We noted that, in Ratliff, the court recognized similarities between “fraud on the market” and agency fraud
theories such as fraud on the FDA. Id. at *7. We agree, and we’d like to explain a bit why this is so.
“Fraud on the market” as our posts on that subject have discussed, is a legal doctrine, so far (thankfully) unique to
securities litigation, that waters down the traditionally rather stringent standards for proving fraud by creating a
“presumption” of reliance in certain limited circumstances. See Basic, Inc. v. Levinson, 485 U.S. 224 (1988) (4
justice majority of 7-justice court). “Fraud on the market” isn’t a state-law claim. Neither the Supreme Court nor
any state high court has extended the “fraud on the market” presumption to any state-law action, even in the
securities realm. That proposition was what our 50-state fraud on the market post was intended to (and we think,
did) establish.
In Basic, Inc., the Supreme Court bought a questionable proposition – that securities markets are uniquely
“efficient” and “developed.” In other words, because there are so many participants in national stock markets, and
those participants have such a voracious appetite for information, then anything about a particular stock is
essentially instantaneously reflected in that stock’s price. Because of that (rather questionable) conclusion, any
plaintiff in a securities fraud suit is “presumed” to rely on any material disinformation.

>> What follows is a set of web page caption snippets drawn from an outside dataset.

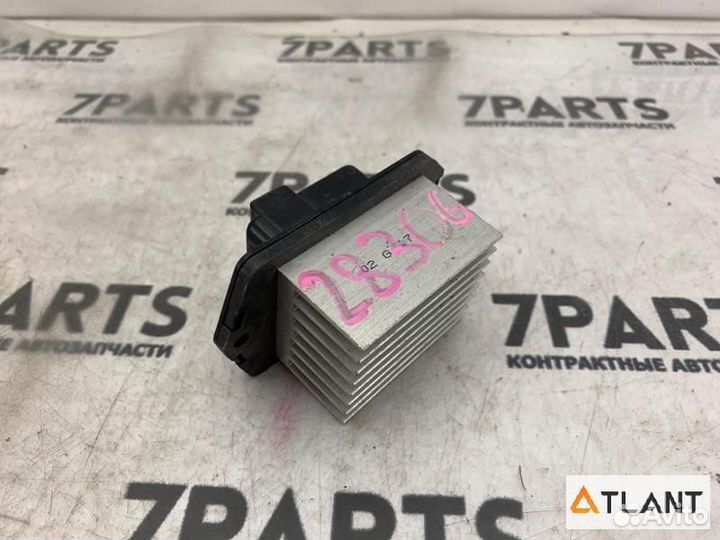 Реостат suzuki swift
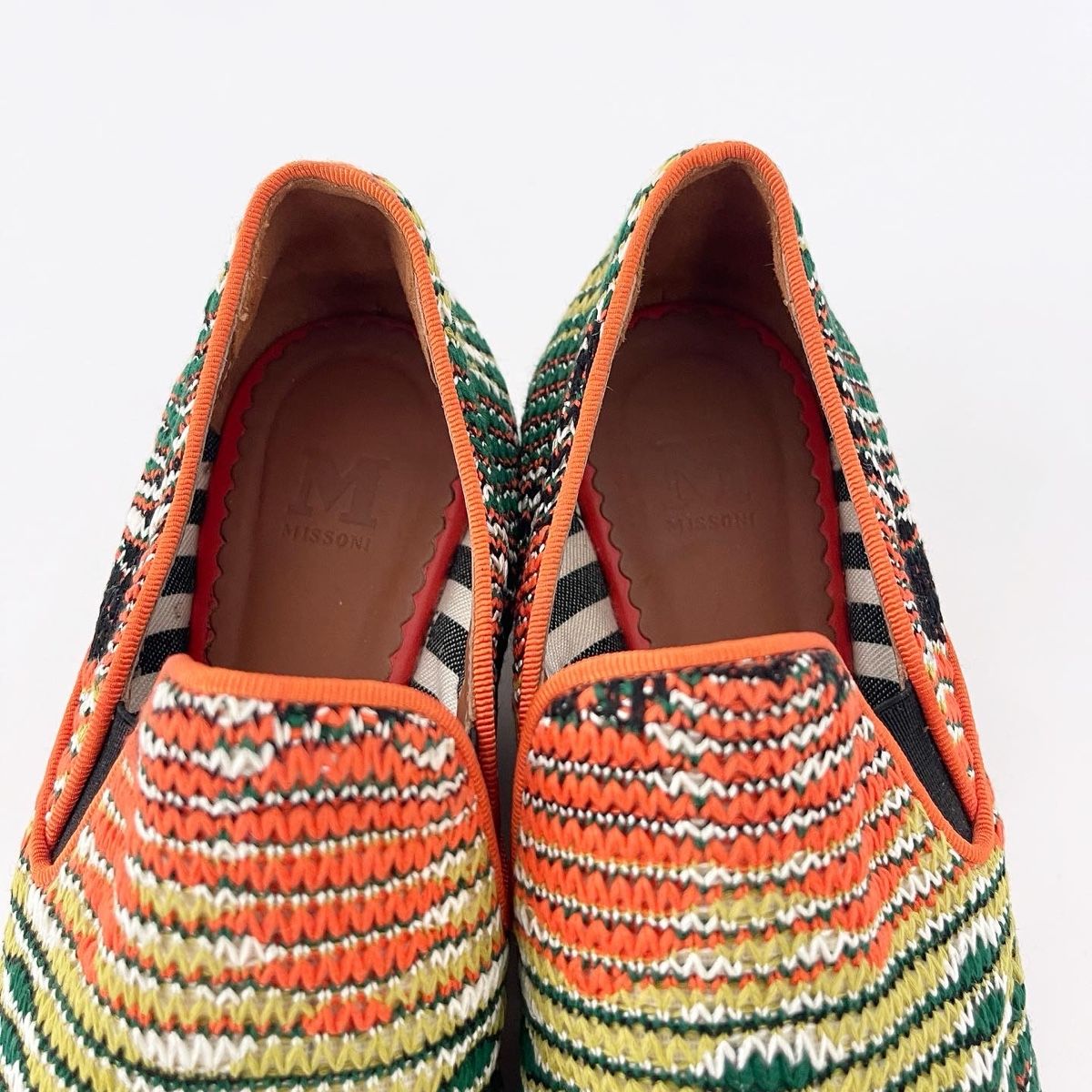 Missoni Damenschuhe: MISSONI Espadrilles – Gebraucht aus Emmen von Avviivva_Com2023 5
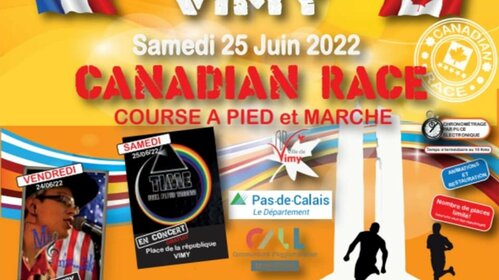 La Canadian Race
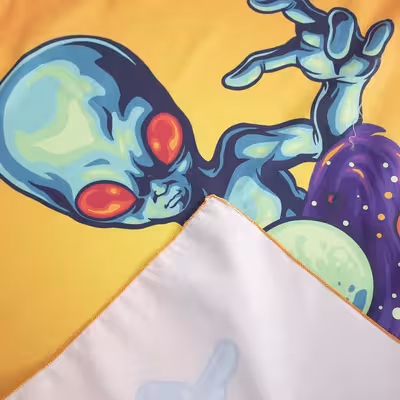 دستمال سر و گردن مدل باندانا کد 056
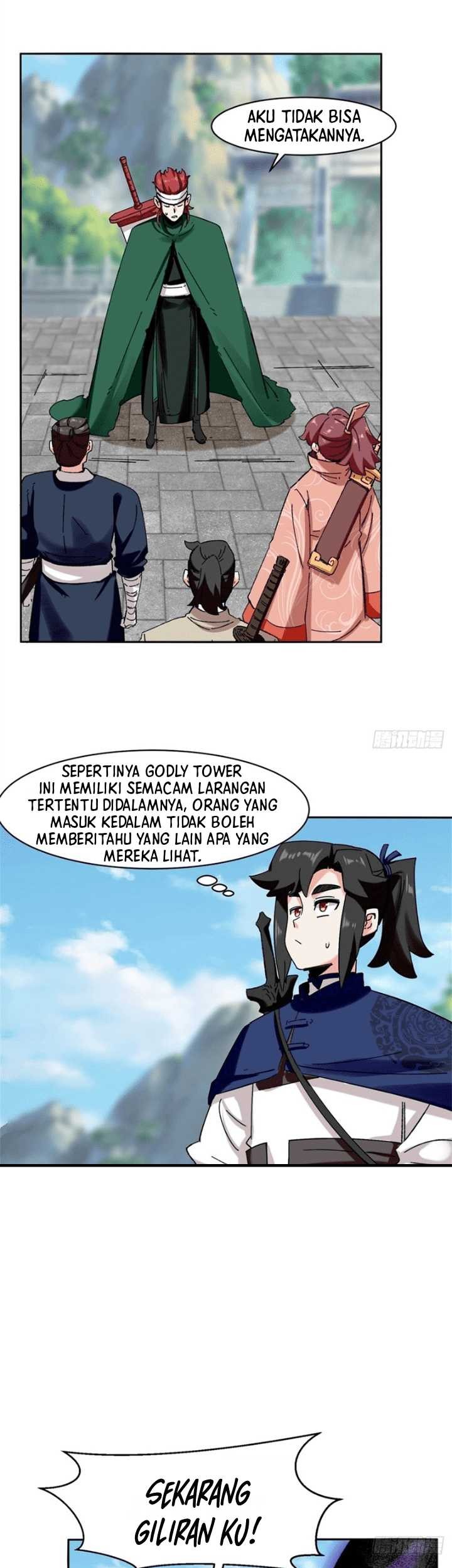 Endless devourer Chapter 161 - halaman 2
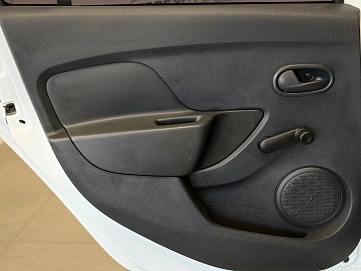 Renault Logan, 2019г., передний привод, механика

Even assuming that’s true in the securities arena – a proposition we don’t really accept – it’s certainly not true
where prescription medical products are concerned. Prescription products, being available only by prescription,
necessarily require medical approval before their use. Doctors’ knowledge and attitudes span a vast spectrum.
We see that all the time in making causation motions under the learned intermediary rule. We can beat causation
in a prescription medical product case by: (1) showing that the highly educated and motivated prescriber knew all
about the risk from independent continuing review of relevant literature, or conversely, (2) that the prescriber
isolated him or herself from the influence of our client by not reading warnings at all and not paying attention to
pharmaceutical detailing.
Thus, there’s absolutely no basis for a Basic, Inc. presumption of reliance on any different information that might
have been disseminated by a pharmaceutical or medical device manufacturer. Any given prescriber might
already know it – or might never rely on that source – or even both at the same time.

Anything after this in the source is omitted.